Commentary
India-China Economic Growth
The spree of bad news from China continues.
Earlier this week, Beijing posted its second-worst growth rate in more than forty years, at 3 per cent.
Reeling under the Covid-zero policies of President Xi Jinping, many manufacturing pockets within the mainland faced disruptions across 2022, resulting in supply chain issues, lower productivity, and a general discontent amongst the public.
The economic spillover left the companies operating in China with lower revenues, and an urgent need to diversify their manufacturing operations.
However, for Xi and the Chinese Communist Party, the more alarming news was the shrinking population.
For the first time in over six decades, China’s population growth was in the red, falling by around 850,000 to 1.412 billion. Not that Beijing was not anticipating a fall in the population growth, but as per observers, it has come earlier than expected, thus worrying the administration.

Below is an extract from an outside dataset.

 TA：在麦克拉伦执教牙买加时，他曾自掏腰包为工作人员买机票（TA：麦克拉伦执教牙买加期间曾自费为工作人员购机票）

A rapidly aging population with declining numbers is set to impact China’s stature as the world’s manufacturing capital and economic powerhouse.
China’s economy is caught in a vicious loop. While Beijing may want to set the growth targets in the neighbourhood at 6 to 7 per cent for 2023, the fundamentals remain questionable.
To begin with, the real estate, a primary mover of China’s economy, is under stress with developers defaulting on dollar bonds, plagued with unfinished projects, and backlash from the buyers.
Furthermore, the semiconductor industry is being hammered by the sanctions from the White House. Even the provinces have been bailed out by Beijing through purchase of lands at inflated prices.
Therefore, even if there is a sharp growth in 2023 and 2024, relative to 2022, where does the next economic buoyancy come from for Xi?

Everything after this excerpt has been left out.